SymSgdBinaryClassifier Class
Train an symbolic SGD model.
- Inheritance
-
nimbusml.internal.core.linear_model._symsgdbinaryclassifier.SymSgdBinaryClassifierSymSgdBinaryClassifiernimbusml.base_predictor.BasePredictorSymSgdBinaryClassifiersklearn.base.ClassifierMixinSymSgdBinaryClassifier
Constructor
SymSgdBinaryClassifier(normalize='Auto', caching='Auto', number_of_iterations=50, learning_rate=None, l2_regularization=0.0, number_of_threads=None, tolerance=0.0001, update_frequency=None, memory_size=1024, shuffle=True, positive_instance_weight=1.0, feature=None, label=None, **params)
Parameters
- feature
see Columns.
- label
see Columns.
- normalize
Specifies the type of automatic normalization used:
"Auto"
: if normalization is needed, it is performed automatically. This is the default choice."No"
: no normalization is performed."Yes"
: normalization is performed."Warn"
: if normalization is needed, a warning message is displayed, but normalization is not performed.
Normalization rescales disparate data ranges to a standard scale.
Feature
scaling insures the distances between data points are proportional
and
enables various optimization methods such as gradient descent to
converge
much faster. If normalization is performed, a MaxMin
normalizer
is
used. It normalizes values in an interval [a, b] where -1 <= a <= 0
and 0 <= b <= 1
and b - a = 1
. This normalizer preserves
sparsity by mapping zero to zero.
- caching
Whether trainer should cache input training data.
- number_of_iterations
Number of passes over the data.
- learning_rate
Determines the size of the step taken in the direction of the gradient in each step of the learning process. This determines how fast or slow the learner converges on the optimal solution. If the step size is too big, you might overshoot the optimal solution. If the step size is too small, training takes longer to converge to the best solution.
- l2_regularization
L2 regularization.
- number_of_threads
Degree of lock-free parallelism. Determinism not guaranteed. Multi-threading is not supported currently.
- tolerance
Tolerance for difference in average loss in consecutive passes.
- update_frequency
The number of iterations each thread learns a local model until combining it with the global model. Low value means more updated global model and high value means less cache traffic.
- memory_size
Memory size for L-BFGS. Lower=faster, less accurate.

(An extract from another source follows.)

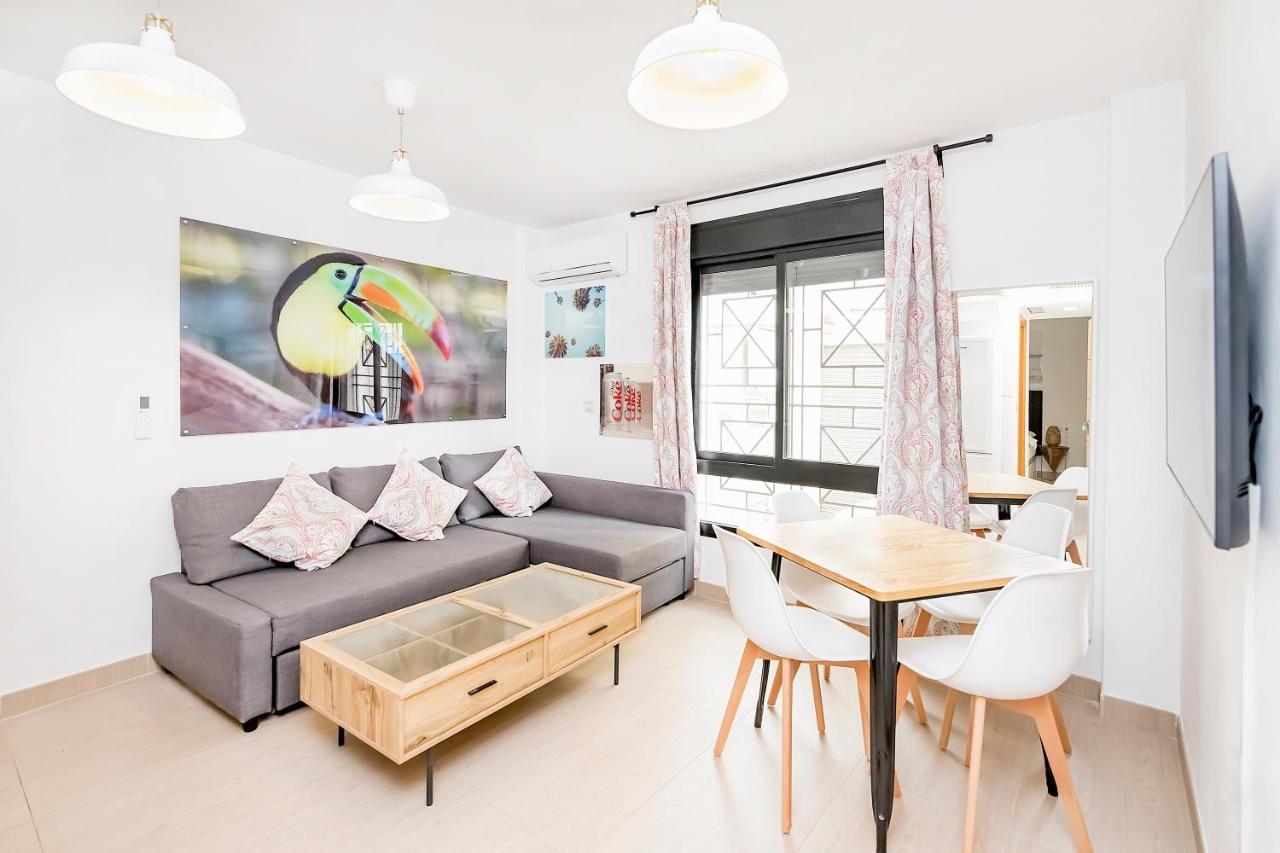 Апартаменти Maba/Private Backyard/Walk To Downtown/Large Smart Tv Малага Екстер'єр фото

The technique used for optimization here is L-BFGS, which uses only a
limited amount of memory to compute the next step direction. This
parameter indicates the number of past positions and gradients to store
for the computation of the next step. Must be greater than or equal to
1
.
- shuffle
Shuffle data?.
- positive_instance_weight
Apply weight to the positive class, for imbalanced data.
- params
Additional arguments sent to compute engine.
Examples
###############################################################################
# SymSgdBinaryClassifier
from nimbusml import Pipeline, FileDataStream
from nimbusml.datasets import get_dataset
from nimbusml.feature_extraction.categorical import OneHotVectorizer
from nimbusml.linear_model import SymSgdBinaryClassifier
# data input (as a FileDataStream)
path = get_dataset('infert').as_filepath()

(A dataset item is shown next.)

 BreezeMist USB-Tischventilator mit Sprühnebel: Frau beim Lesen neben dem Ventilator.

data = FileDataStream.read_csv(path)
print(data.head())
# age case education induced parity ... row_num spontaneous ...
# 0 26 1 0-5yrs 1 6 ... 1 2 ...
# 1 42 1 0-5yrs 1 1 ... 2 0 ...
# 2 39 1 0-5yrs 2 6 ... 3 0 ...
# 3 34 1 0-5yrs 2 4 ... 4 0 ...
# 4 35 1 6-11yrs 1 3 ... 5 1 ...
# define the training pipeline
pipeline = Pipeline([
OneHotVectorizer(columns={'edu': 'education'}),
SymSgdBinaryClassifier(feature=['induced', 'edu'], label='case')
])
# train, predict, and evaluate
metrics, predictions = pipeline.fit(data).test(data, output_scores=True)
# print predictions
print(predictions.head())
# PredictedLabel Probability Score
# 0 1 1.0 263.630310
# 1 1 1.0 263.630310
# 2 1 1.0 305.514282
# 3 1 1.0 305.514282
# 4 1 1.0 33.698135
# print evaluation metrics
print(metrics)
# AUC Accuracy Positive precision Positive recall ...

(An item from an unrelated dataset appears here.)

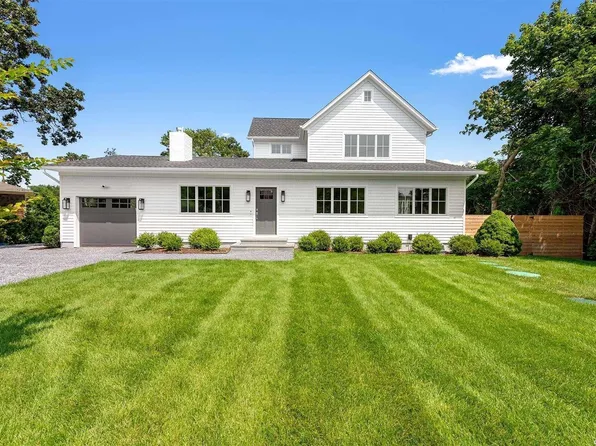 18 Lillian Lane, Southampton, NY 11968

# 0 0.504783 0.479839 0.364706 0.746988 ...
Remarks
Stochastic gradient descent (SGD) is a well known method for
regression and classification
tasks, and is primarily a sequential algorithm. The
SymSgdBinaryClassifier
is an
implementation of a parallel SGD algorithm that, to a first-order
approximation, retains the
sequential semantics of SGD. Each thread learns a local model as well
a model combiner
which allows local models to be combined to to produce what a
sequential model would have
produced.
Reference
Parallel Stochastic Gradient Descent with Sound Combiners
Methods
decision_function |
Returns score values |
get_params |
Get the parameters for this operator. |
predict_proba |
Returns probabilities |
decision_function
Returns score values
decision_function(X, **params)
get_params
Get the parameters for this operator.
get_params(deep=False)
Parameters
- deep
predict_proba
Returns probabilities
predict_proba(X, **params)